Sad For The Future
I haven’t made much of a secret of my humble opinion that the California courts are seriously broken. Their infrastructure, particularly that for handling information, is at least 20 years behind the times. Instead of expanding to deal with the consequences of the recession, they cut back with a resulting slow-down in the handling of cases across the board.
The issue is compounded by a certain class of cases that will never, ever, end, taking resources forever. Yesterday while waiting (two hours to make a five minute appearance) for a case to be called, I watched the child support case of an elderly man where the state was still pursuing $164,000 in arrears for a child who is now 33 years old. The man was arguing his monthly payments should be reduced to $50 per month because he had just lost his job. The result of the day’s work on that case was squat nada bupkus because a continuance had to be granted because a party had only received certain documents 24 days before the hearing instead of the required 30. The court will take up the issue again in August.
NB: the interest alone on $164,000 of past due child support is $1366 per month. If his motion is granted, he will still only be paying 3 1/2% of the interest accruing each month, and never touching the principal.
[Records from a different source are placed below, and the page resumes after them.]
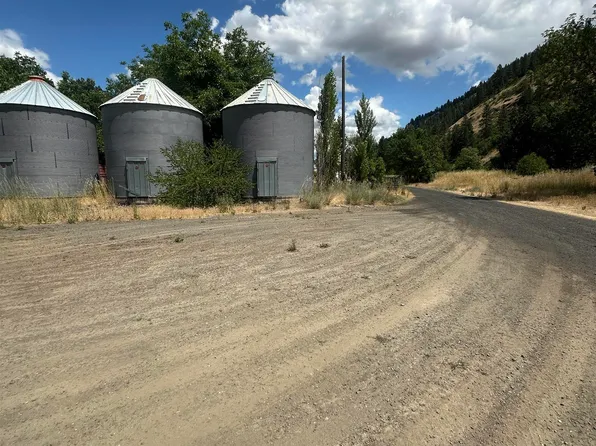 Railroad St, Juliaetta, ID 83535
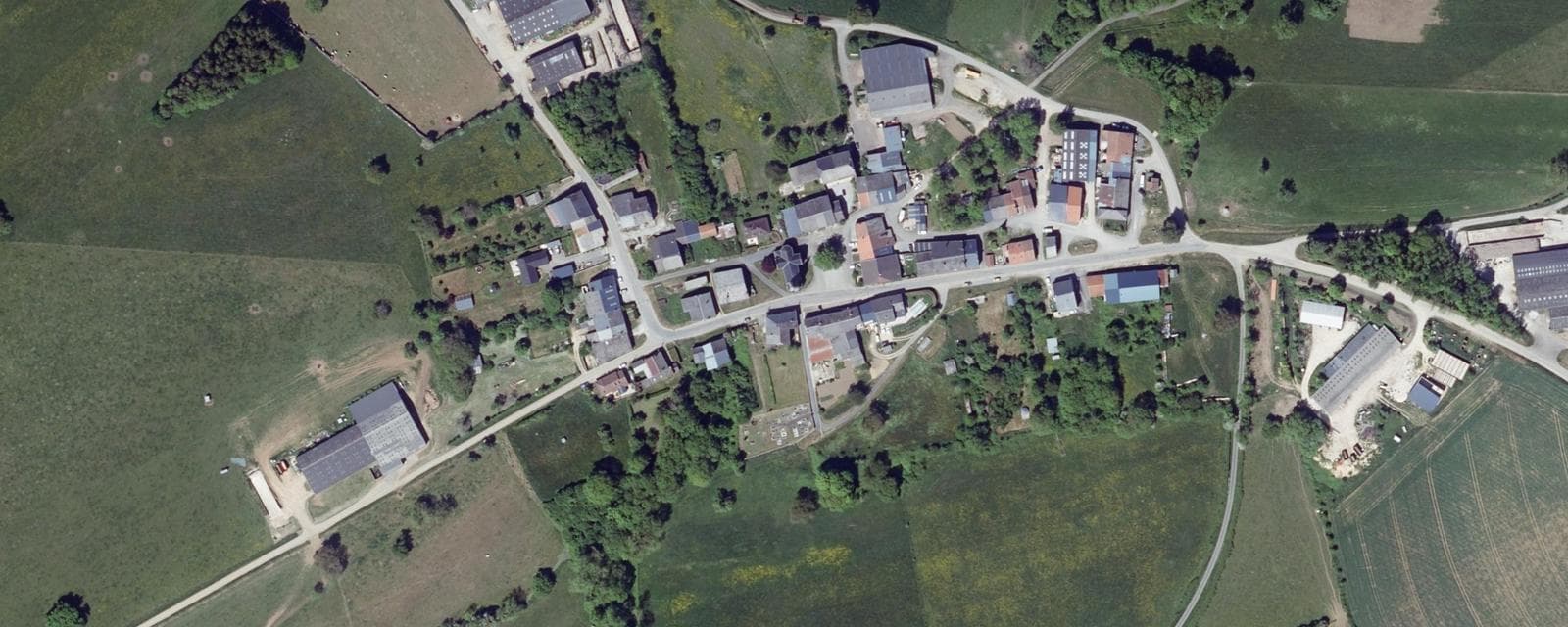 Vue aérienne de Neufmaison (Ardennes)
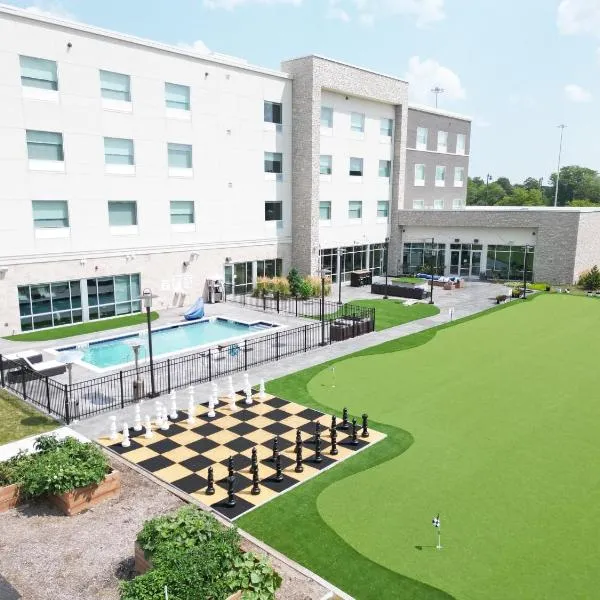 Holiday Inn Express & Suites Chicago Schaumburg by IHG, ξενοδοχείο σε Schaumburg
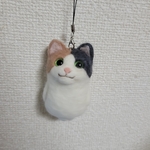 羊毛フェルト 三毛(薄茶&グレー)猫ちゃん(全身)ストラップ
I admit I don’t know what the solution should be in cases like this. I suspect it took a lot of neglect to rack up that much in arrears. Massive neglect, even intentional wrongdoing, doesn’t stop the government from bailing out banks, or automakers or reckless homeowners though, so maybe I should stop feeling judgmental about how the debt was created. I just hate seeing cases (or problems, or debts, take your pick) that by plan and inflexible laws can never end, and in the process eat up dwindling, finite, resources and judicial time.



wow, well articulated chuck.
perhaps even worse than this scenario may be what i’ve been calling the new underclass. these are the people who were hit with felonies for victimless crimes (think: recreational marijuana user who gets busted). these people no longer have incomes so no longer pay taxes (and it costs taxpayers $48K per year to house them while incarcerated). they can’t get new employment due to background checks. they can’t get housing due to similar. it’s a disaster and they didn’t even cause damages.
guess whose house they’re going to rob when they finally get too hungry?
Yours and mine TJ. I notice you don’t even limit it to people actually convicted of crimes. We both know from the days in Lapwai that an arrest and the burdens of bail and defending a case can destroy a life on the edge just as easily as an actual conviction.